◆ Exercise brief:
Beginning at the line that contains "阅读母子俩在毯子下躺在床上看书灯休闲婴儿" and finishing at the line that contains "Round wooden plate", output the data below exactly. Include both end lines and no pictures.

(Provided records)

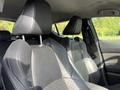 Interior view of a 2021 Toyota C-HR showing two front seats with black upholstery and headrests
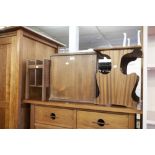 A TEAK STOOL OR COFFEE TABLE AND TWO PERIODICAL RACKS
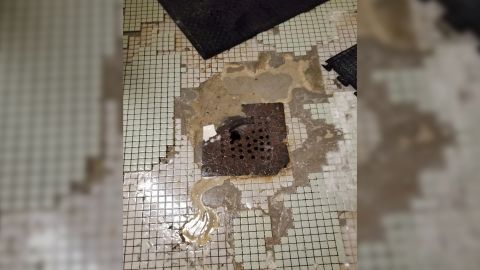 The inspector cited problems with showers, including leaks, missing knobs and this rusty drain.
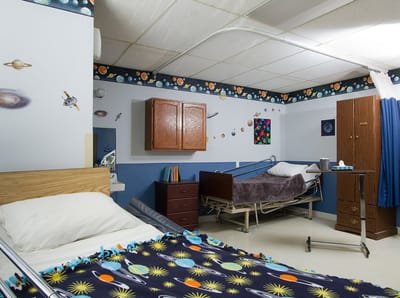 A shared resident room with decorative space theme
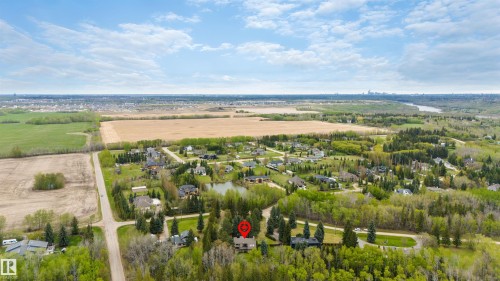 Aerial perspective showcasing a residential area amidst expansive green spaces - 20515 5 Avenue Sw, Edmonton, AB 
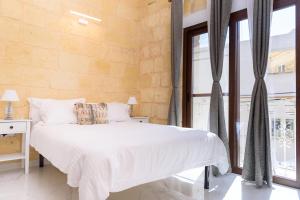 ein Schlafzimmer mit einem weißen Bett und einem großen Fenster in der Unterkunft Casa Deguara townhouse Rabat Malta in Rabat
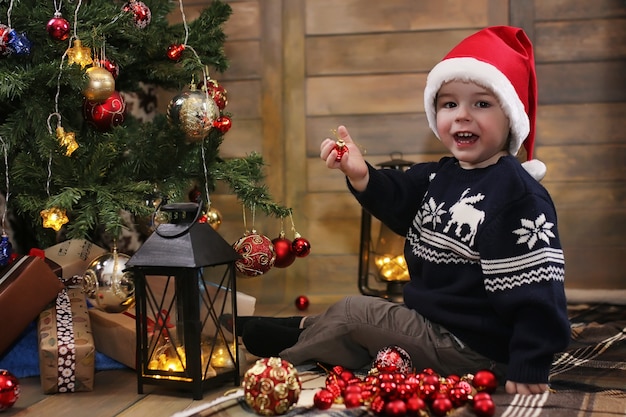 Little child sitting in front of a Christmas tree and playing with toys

(End Provided records)
(Provided records)

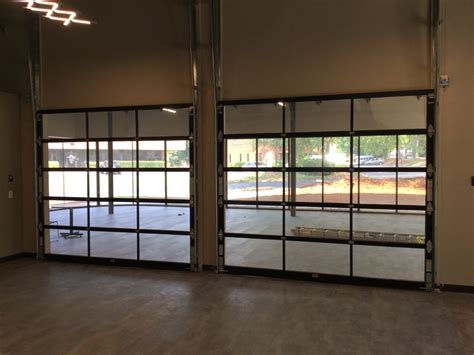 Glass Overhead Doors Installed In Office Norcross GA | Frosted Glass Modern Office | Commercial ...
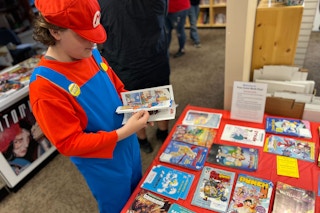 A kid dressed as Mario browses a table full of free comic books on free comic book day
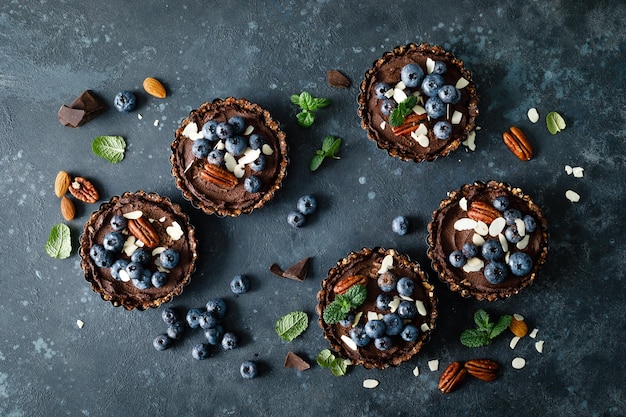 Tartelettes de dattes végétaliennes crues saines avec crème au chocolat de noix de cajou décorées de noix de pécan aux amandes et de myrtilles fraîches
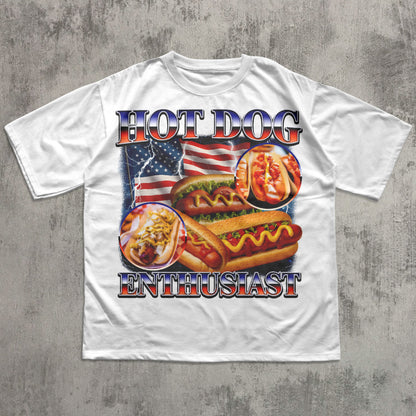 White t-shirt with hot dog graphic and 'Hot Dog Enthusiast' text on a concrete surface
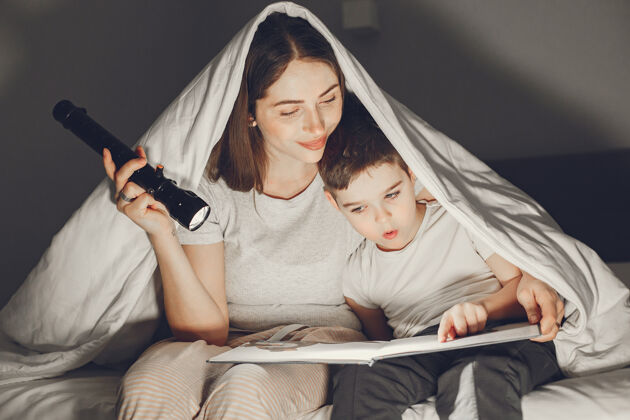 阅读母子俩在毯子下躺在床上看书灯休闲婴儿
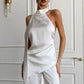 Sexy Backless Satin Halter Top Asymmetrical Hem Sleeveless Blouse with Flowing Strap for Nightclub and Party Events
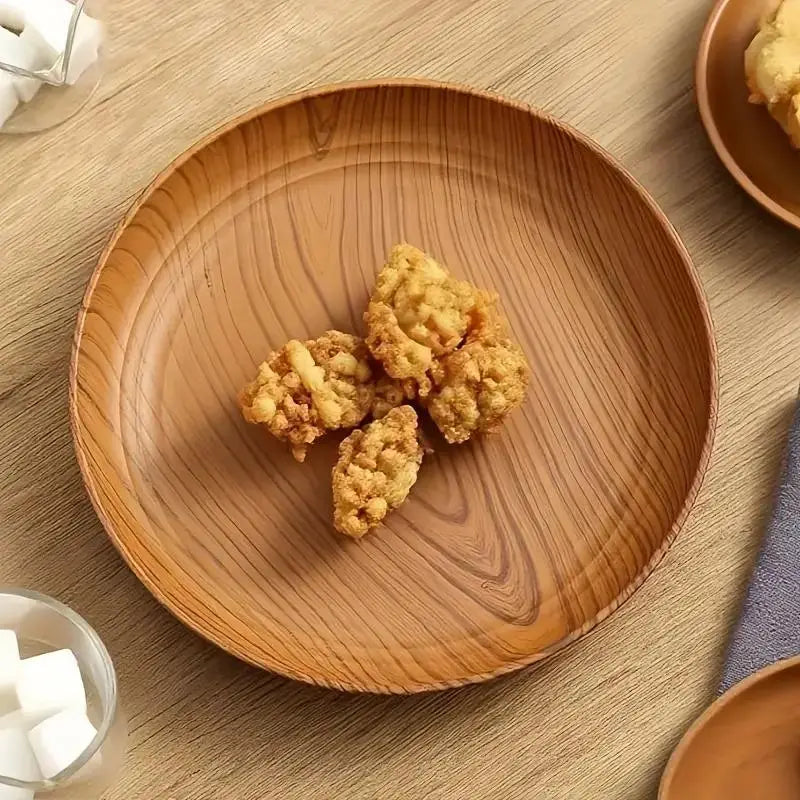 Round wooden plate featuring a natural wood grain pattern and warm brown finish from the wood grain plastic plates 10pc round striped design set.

(End Provided records)

◆ Answer box:
 阅读母子俩在毯子下躺在床上看书灯休闲婴儿
 Sexy Backless Satin Halter Top Asymmetrical Hem Sleeveless Blouse with Flowing Strap for Nightclub and Party Events
 Round wooden plate featuring a natural wood grain pattern and warm brown finish from the wood grain plastic plates 10pc round striped design set.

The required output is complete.